April 4, 1773 – On this very day, 250 years ago . . .
Exhilaration and relief overwhelmed Shore native Warner Mifflin and his wife Elizabeth as they welcomed their live-born infant Sarah. The Quaker couple’s good news quickly traveled through a labyrinth of well-positioned kin in the Mid-Atlantic and beyond. Soon enough, this same network afforded them intimate access to the most significant conversations and characters of the American Revolution.
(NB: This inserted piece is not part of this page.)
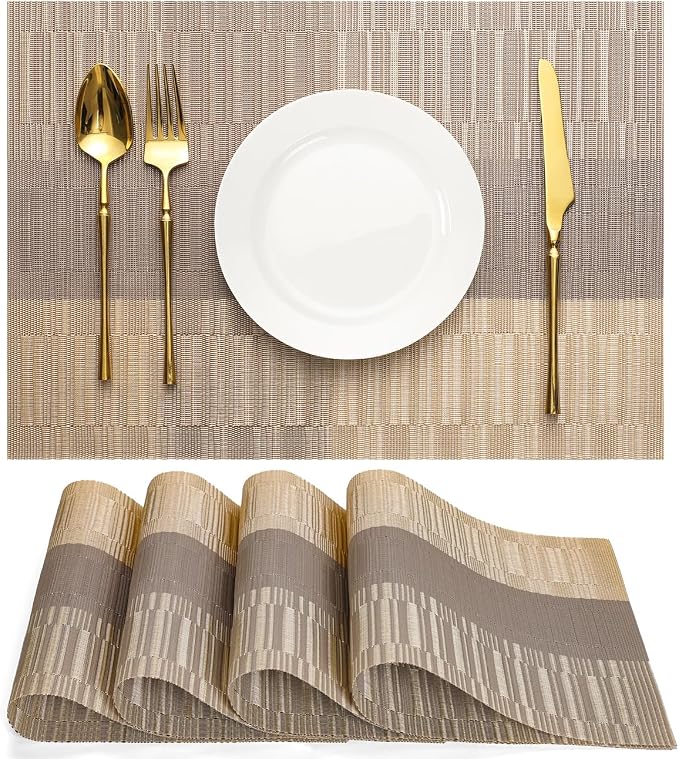 Placemats Set of 4, Vinyl Woven Place Mats Indoor Set of 4 Washable Wipeable PVC Table Mats Heat-Resistant Non Slip Plastic Placemat for Kitchen Dining Outdoor Table (Gray Gold, Set of 4)
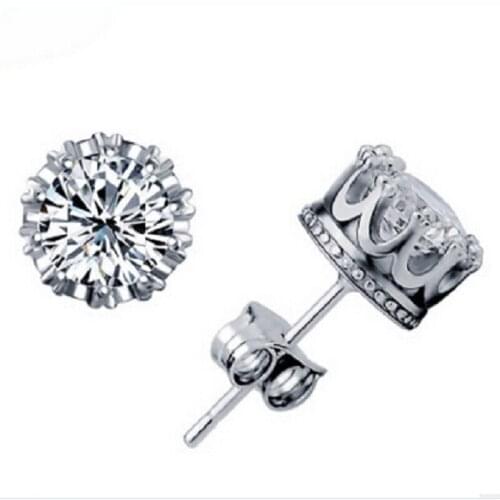 925 Prata sliver fashion jewelry carat round zirconia stud earrings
Though Warner Mifflin may not be a household name today, he was an abolitionist force, peace ambassador, and source of reckoning known to Washington, Jefferson, Lafayette, Howe, and countless other wartime leaders.
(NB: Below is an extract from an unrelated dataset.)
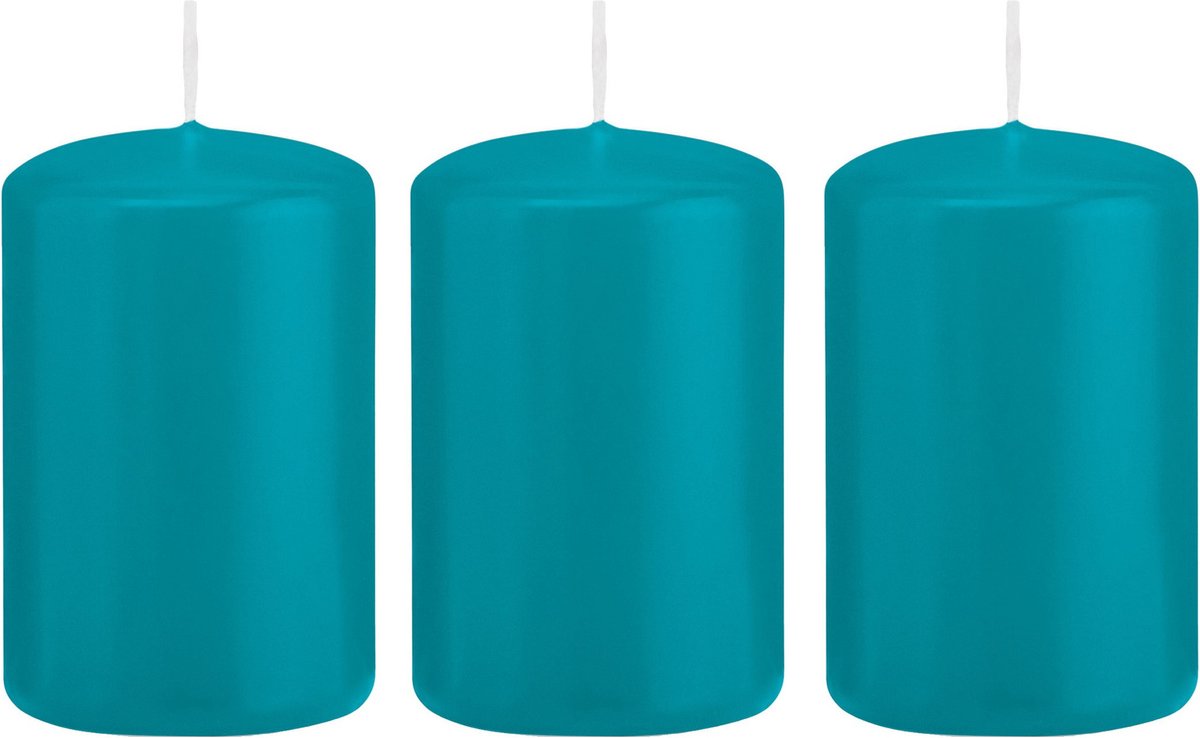 Trend Candles 5x Turquoise blauwe cilinderkaarsen stompkaarsen 5 x 8 cm 18 branduren Geurloze kaarsen turkoois blauw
Warner Mifflin’s earthly life began in 1745 at his father’s estate Pharsalia on Swan’s Gut Creek near present day Greenbackville. Few members of the Society of Friends remained in the area by then; Mifflin reckoned the nearest Quaker family more than sixty miles away. Though his parents insisted he read treatises by William Penn and others, they themselves did not strictly adhere to Quaker tenets. At fourteen Mifflin was deeply instructed by an unnamed
—but eternally thanked—protestor:
Being in the field with my father’s slaves, a young man among them questioned me whether I thought it could be right that they should be toiling in order to raise me, and that I might be sent to school, and by and by their children must do so for mine. Some little irritation at first took place in my feelings, but his reasoning so impressed me as never to be erased from my mind. Before I arrived at the age of manhood I determined never to be a slave-owner.
-Mifflin
Many societal pressures challenged Warner Mifflin’s sincere teenage promise. He did hold other humans in bondage. Enslaved servants came with his bride and more were added from his parents’ properties to his new home in Kent County, Delaware. Still, his successful outward rise could not quiet the promptings of his “Inner Light” that slavery was wholly outside God’s will.
The year of 1773 came to a hard end for the young Mifflins. Their precious baby Sarah lived only three months and joined her younger sister in Delaware soil at Motherkiln Meeting. Then, in December, angry Bostonians dared British action by casting their tea into Boston Harbor. Mifflin saw the loyalties hardening around him. He took a deep breath and declared that he could no longer live a double life of conscience. Slavery must end and peace was possible. Some called Mifflin a fool and others a fanatic, but no one could ignore this tall tenacious Quaker man embarking on a costly and often unpopular quest that all men might live as equals.
On July 4, 2026, our nation will commemorate the 250th Anniversary of the Declaration of Independence. Everyone is invited to be part of the great Semiquincentennial (half of five hundred) no matter their ancestry, no matter their American story. The commemoration gives us an extraordinary chance to honor the countless Shore folks–men and women, enslaved and free, indigenous or “strangers,” Patriots and Tories, freedom fighters, abolitionists, and others —whose decisions helped form the nation we share and the Shore we love.